Хрестоматийный пример — сонеты Уильяма Шекспира в переводе Самуила Маршака, завоевавшие большую популярность у читателей, но ценой эмоционального и стилистического упрощения, одомашнивания шекспировских страстей и сглаживания его смелых языковых экспериментов. В какой-то мере это относится и к «Божественной комедии» Данте, которая в переводе Михаила Лозинского предстает идеалом совершенного, чеканного классического стиха, как бы памятником самой себе. Зато новый перевод Данте, выполненный филологом Александром Илюшиным, стремится передать характерный для средневековой Италии силлабический стих — воспроизвести, а не сгладить стилистическую разноголосицу, ведь Данте соединяет архаичную латынь и итальянское просторечие в новый литературный язык:
Перевод Илюшина всячески подчеркивает, что «Божественная комедия» принадлежит другой эпохе и другой культурной ситуации. Данте Илюшина — прежде всего «не такой, как мы привыкли, далекий от нас», Шекспир Маршака — прежде всего «близкий нам, почти такой же».

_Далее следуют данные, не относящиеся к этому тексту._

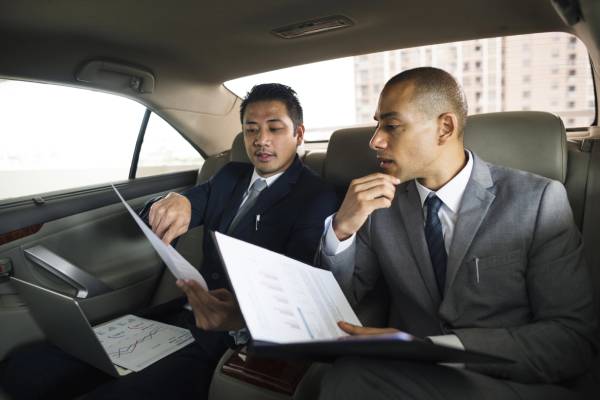 Business professionals reviewing documents in a luxury vehicle rear seat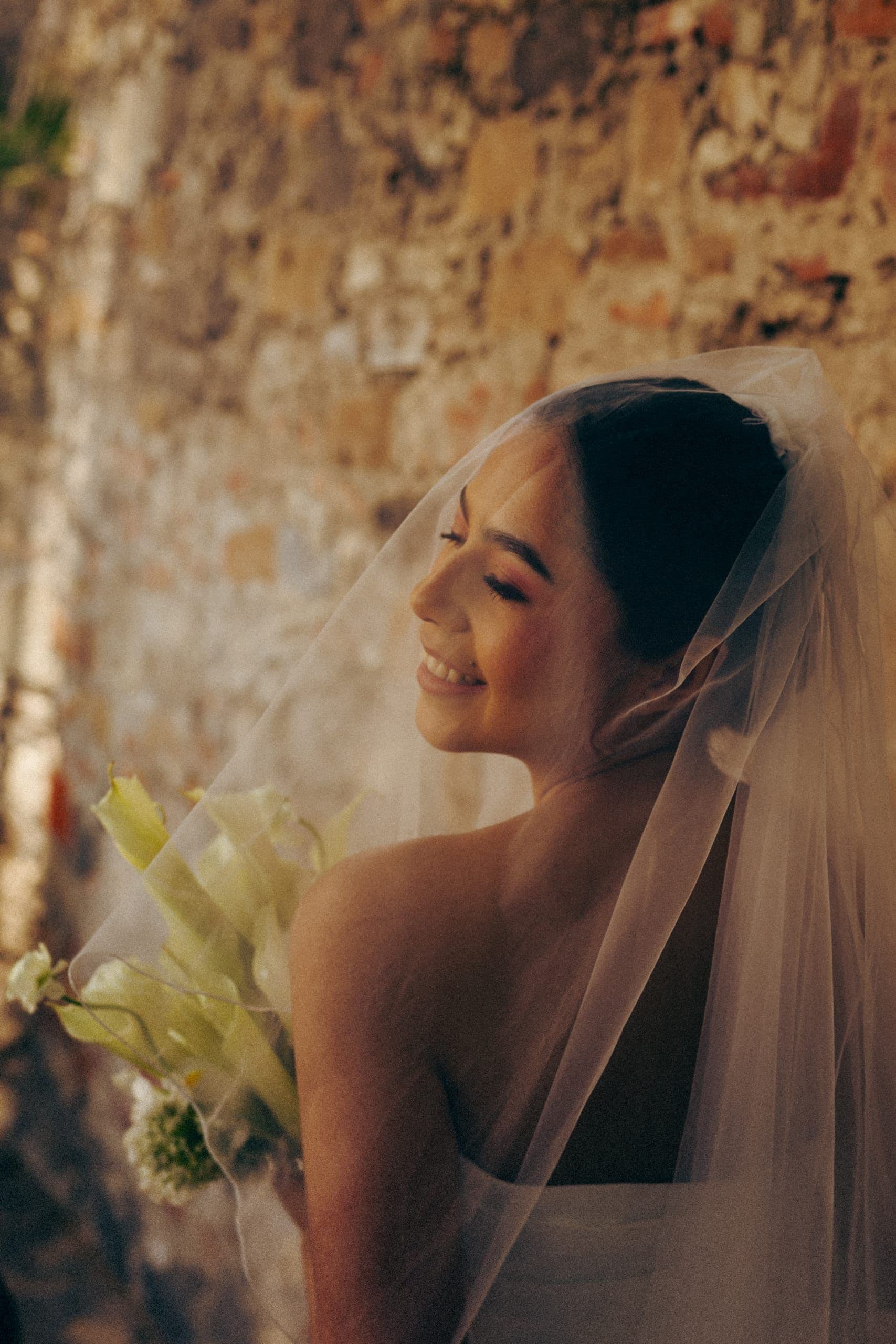 Novia sonriendo tras su velo a contraluz, el día de su boda en Puebla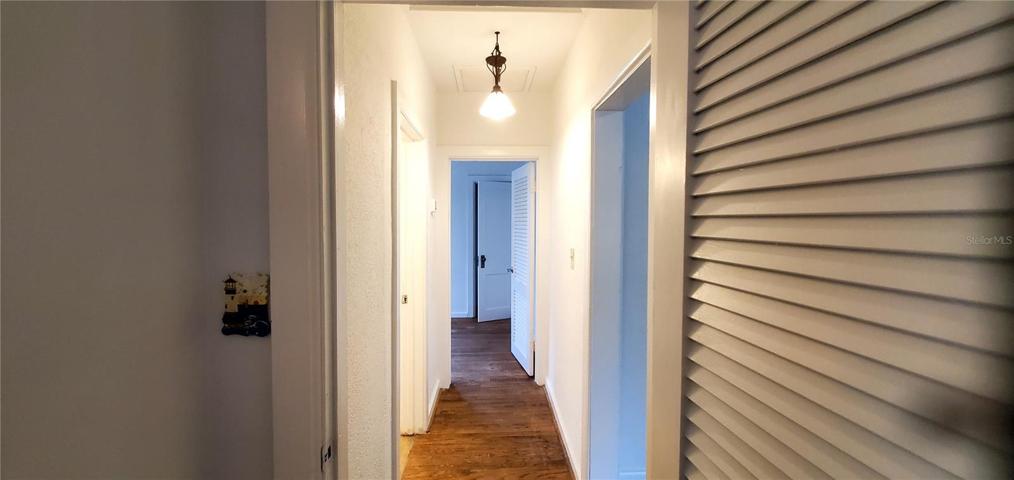 Hallway between 2 bedrooms & bathroom. Living room doorway on right.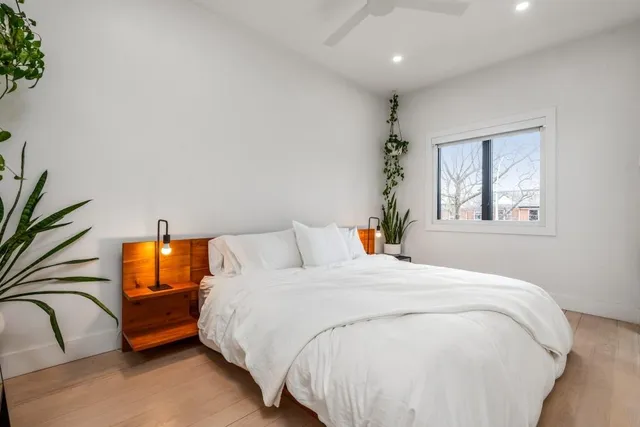 a bedroom with a bed and a window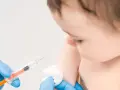 Dłoń w niebieskiej rękawiczce trzyma strzykawkę, przygotowując się do szczepienia niemowlęcia.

За этими двумя полярными подходами вырисовываются две различные культурные задачи, которые стоят перед переводчиком: познакомить читателей с важным явлением чужой культуры и создать нечто важное в собственной культуре. Перевешивать может то одна задача, то другая, и это зависит не только от личных склонностей переводчика.
Исторически, по-видимому, вторая задача старше первой: еще для римского поэта Катулла, две тысячи лет назад переводившего Сафо с древнегреческого на латынь, иноязычный текст был не более чем выигрышным материалом для создания собственного произведения. Поэтому к трем переведенным строфам, рассказывающим о беззаветной любви, он прибавил от себя четвертую — о том, что вся эта любовь от безделья.

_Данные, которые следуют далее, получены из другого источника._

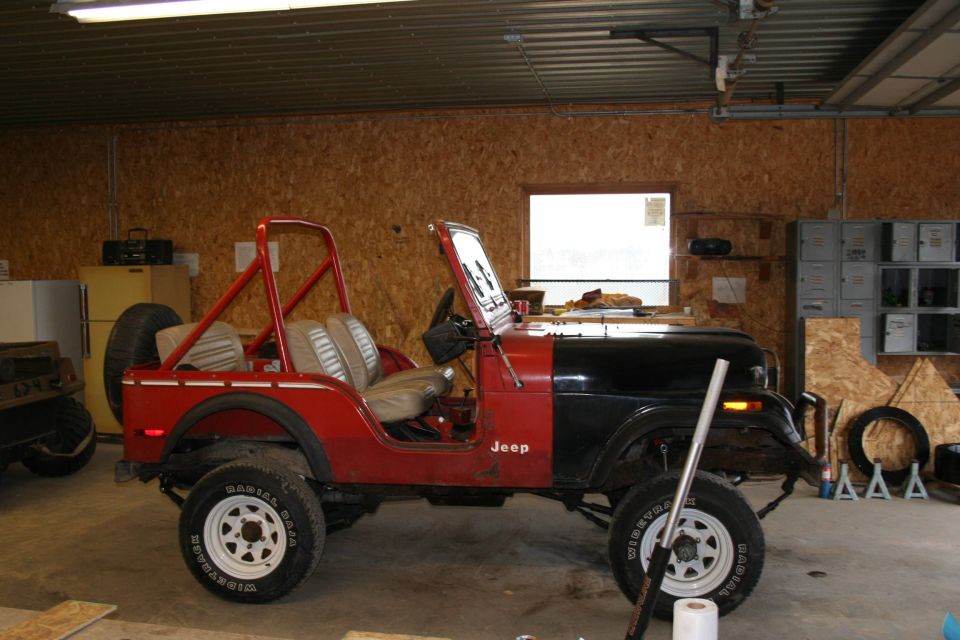 Red and black Jeep CJ in garage, roll bar, spare tire on back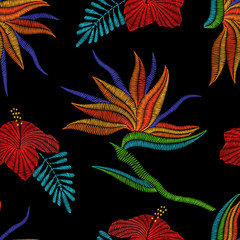 Wall Mural - Embroidery Bird of Paradise flowers, tropical Strelitzia, hibiscus seamless pattern. Vector fashion ornamental floral print on black background for fabric traditional folk decoration.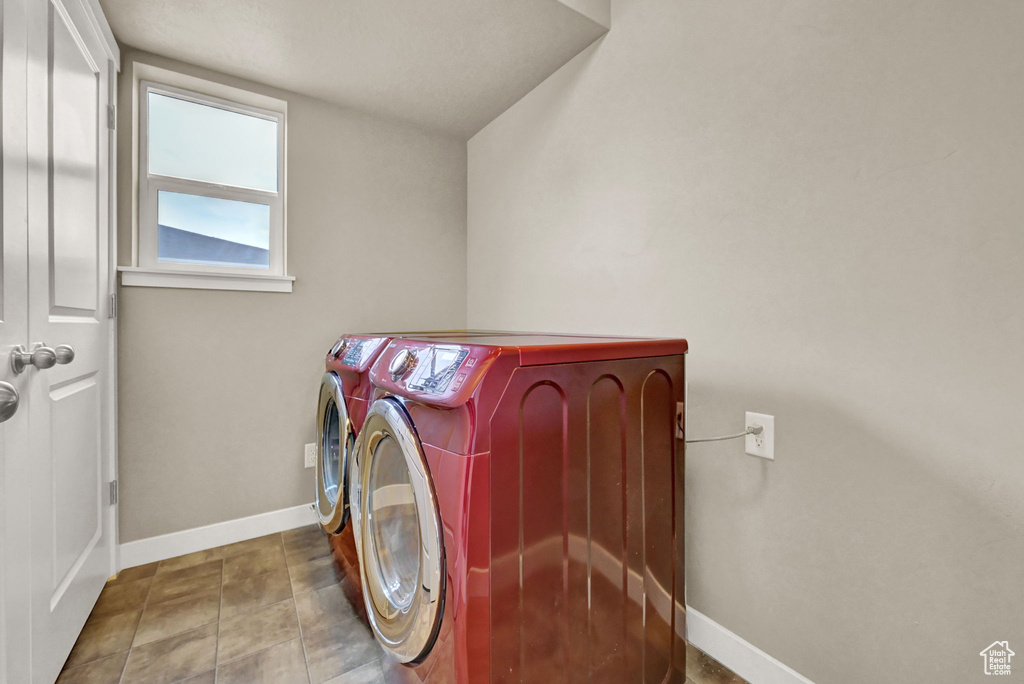 Washroom with separate washer and dryer and tile patterned flooring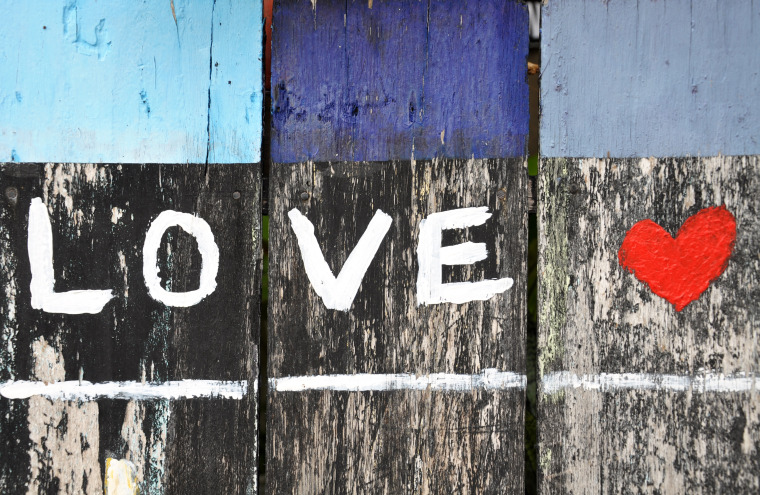 Wooden fence painted with word "love" and a red heart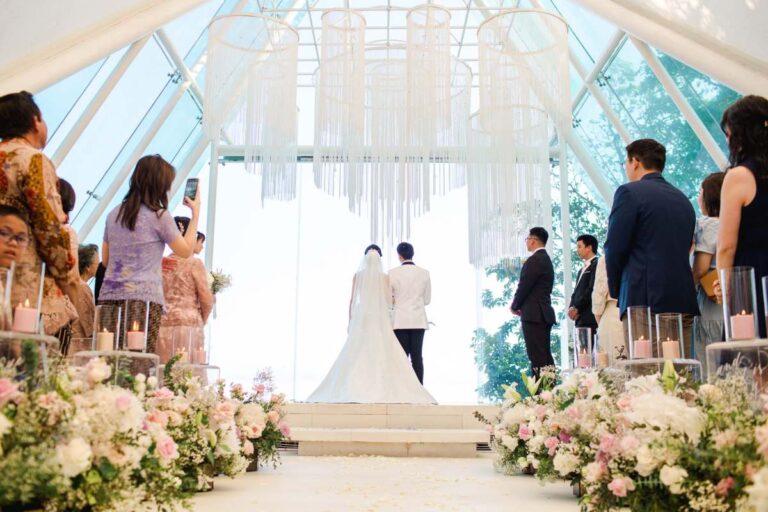 A couple at the altar of the Glass Chapel with their guests, Tirtha Bridal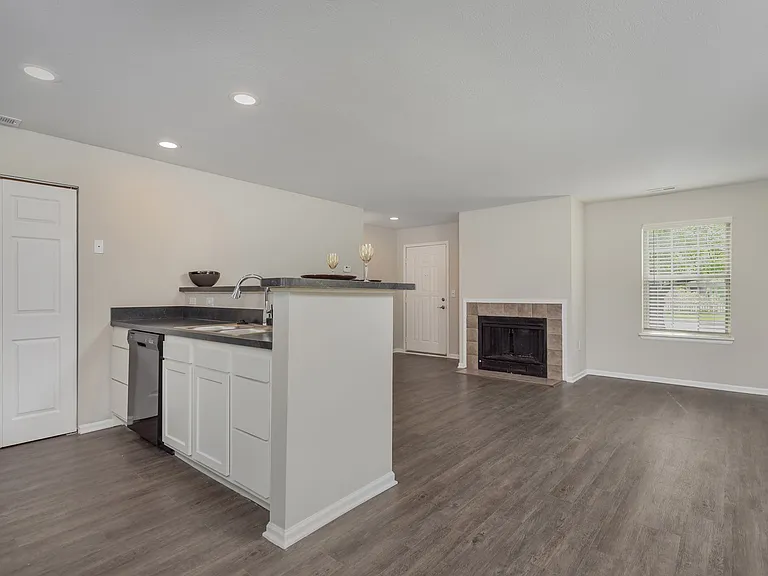 The Glenmount's Deluxe kitchen and living space features an open, inviting layout.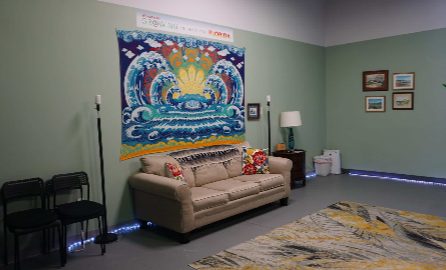 The studio room in the same space, set up with seating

Первая задача, требующая от переводчика более почтительно относиться к оригиналу, сформировалась поначалу в связи с переводами Библии и лишь много позже была распространена на светские тексты, в том числе поэтические, и то не на все, а лишь на те, которые пользовались особым культурным статусом. И даже в этих случаях разнообразные переводческие вольности еще долго считались вполне приемлемыми. Так, в XIX веке в России стало крылатым восклицание Гамлета «За человека страшно!» (когда так ужасен мир) — но у Шекспира этого восклицания нет: переводчик Николай Полевой добавил его от себя. Небольшие же лирические стихотворения могли переводиться сколь угодно вольно.